**REQUIREMENT:** Nothing should appear in the answer except the lines below from the line containing "02-H8B-11A BLACK Сапоги" through the line containing "Pet Memorial Frame", copied exactly, with pictures left out.

**INPUT DATA:**
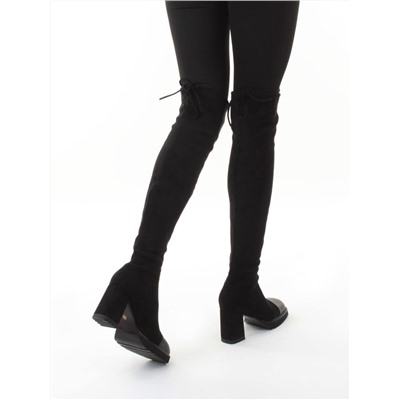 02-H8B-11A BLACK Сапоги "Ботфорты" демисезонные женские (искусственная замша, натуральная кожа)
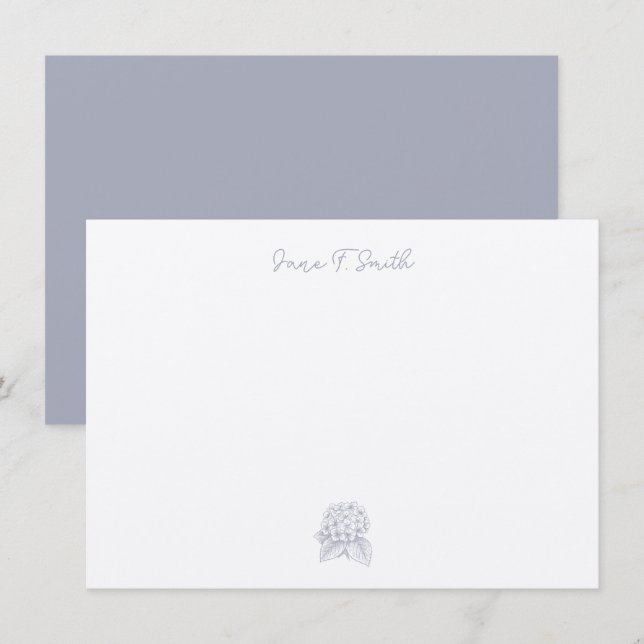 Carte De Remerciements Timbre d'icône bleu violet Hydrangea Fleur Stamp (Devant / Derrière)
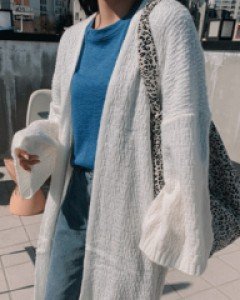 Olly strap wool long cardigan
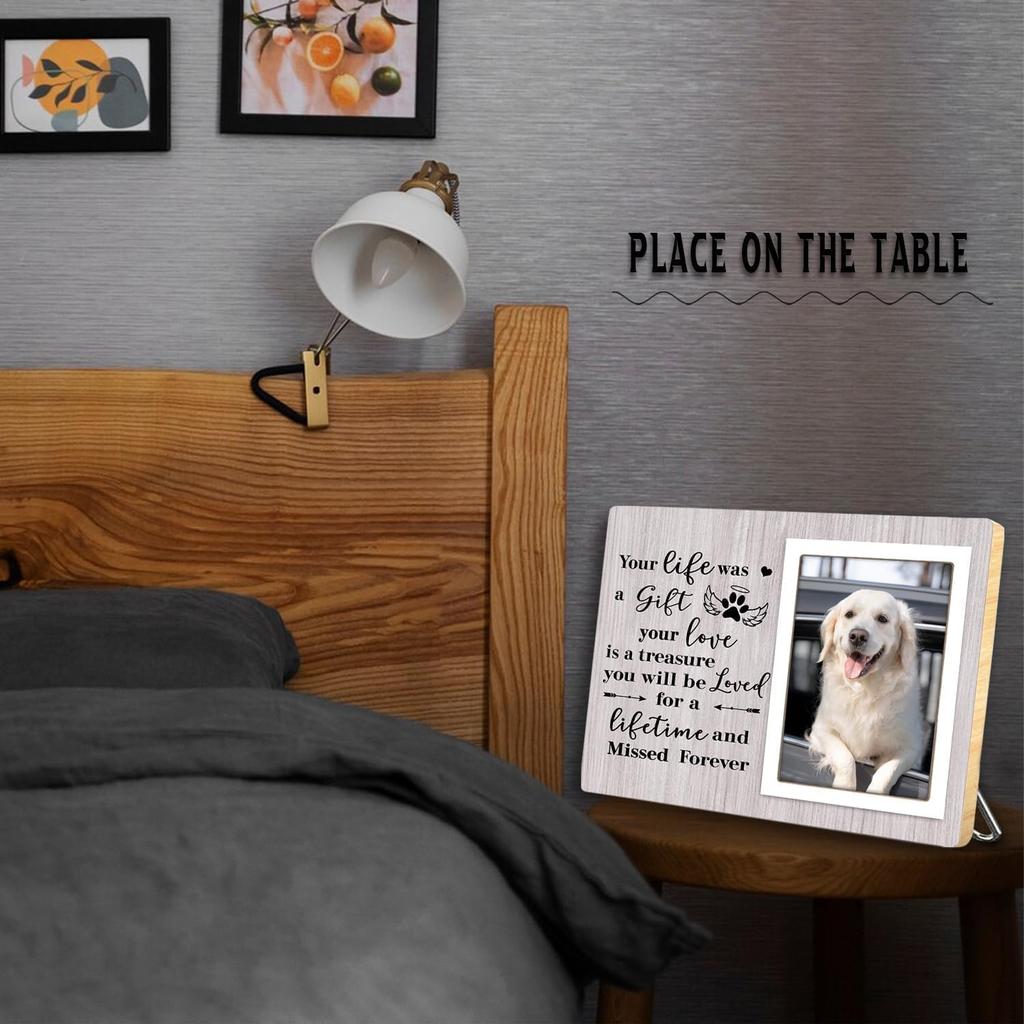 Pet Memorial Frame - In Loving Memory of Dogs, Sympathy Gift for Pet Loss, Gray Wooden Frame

* * *

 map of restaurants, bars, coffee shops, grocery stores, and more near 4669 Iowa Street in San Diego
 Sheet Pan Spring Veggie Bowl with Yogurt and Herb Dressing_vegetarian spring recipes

**RESULT:**
 02-H8B-11A BLACK Сапоги "Ботфорты" демисезонные женские (искусственная замша, натуральная кожа)
 Carte De Remerciements Timbre d'icône bleu violet Hydrangea Fleur Stamp (Devant / Derrière)
 Olly strap wool long cardigan
 Pet Memorial Frame - In Loving Memory of Dogs, Sympathy Gift for Pet Loss, Gray Wooden Frame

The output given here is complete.